# Work required
Reproduce word for word the line holding "Focal DOME FLAX" and all lines after it in the data, through the end, leaving out pictures.

(Supplied material Opens)

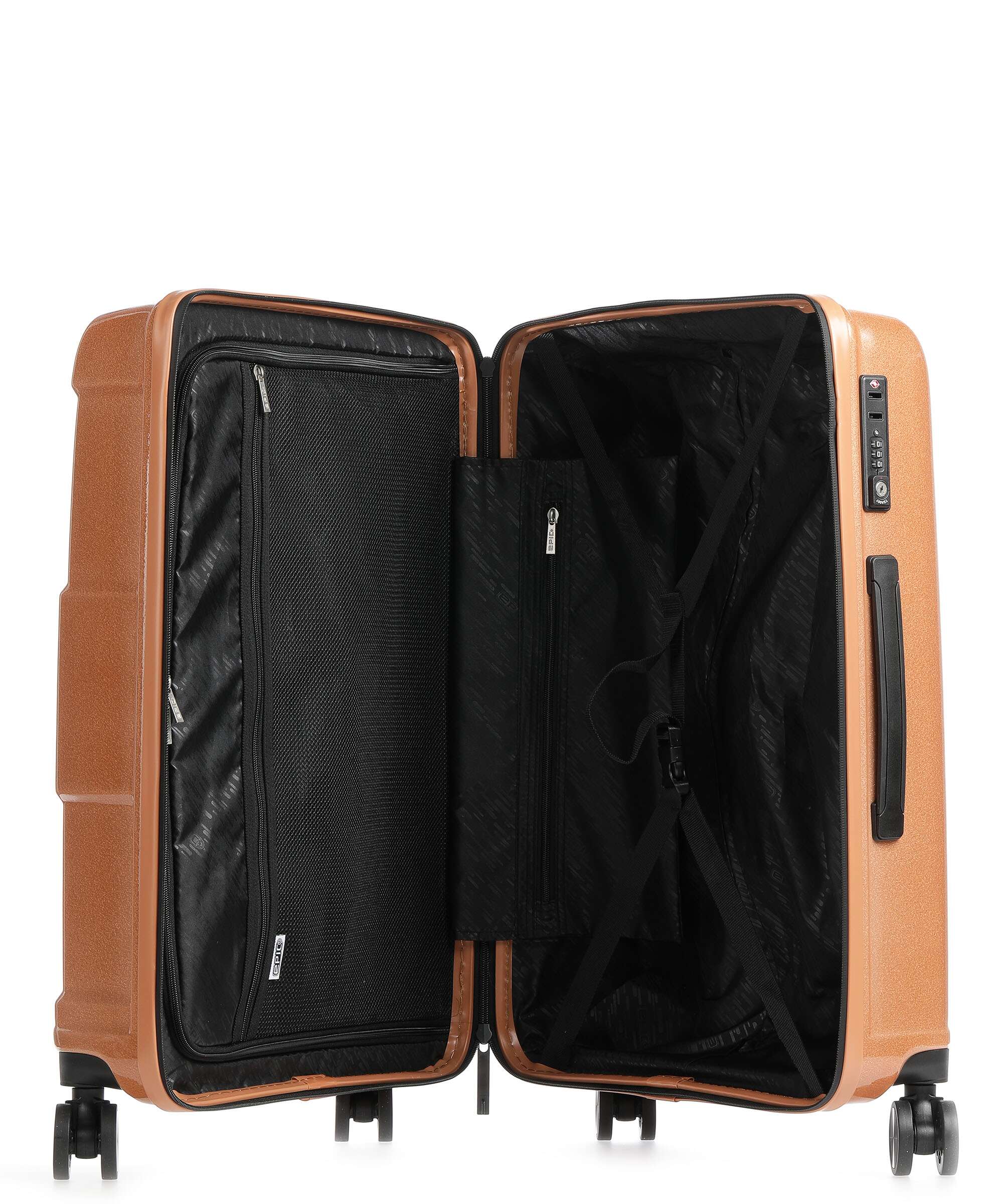 Epic Crate Reflex Spinner (4 wheels) rose copper - Image 5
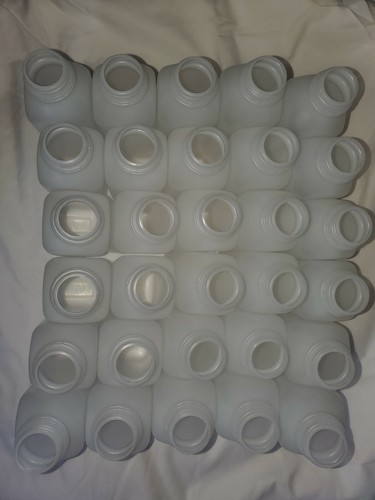 Pack empty plastic - 30,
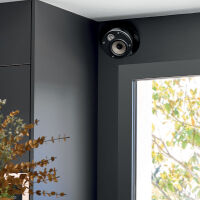 Focal DOME FLAX (czarny). Kolumna podstawkowa. - 8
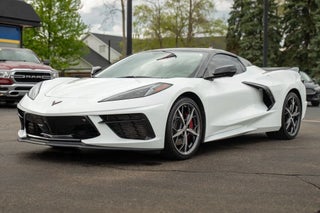 2020 Chevrolet Corvette Stingray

(Supplied material Closes)

# Response to this exercise
 Focal DOME FLAX (czarny). Kolumna podstawkowa. - 8
 2020 Chevrolet Corvette Stingray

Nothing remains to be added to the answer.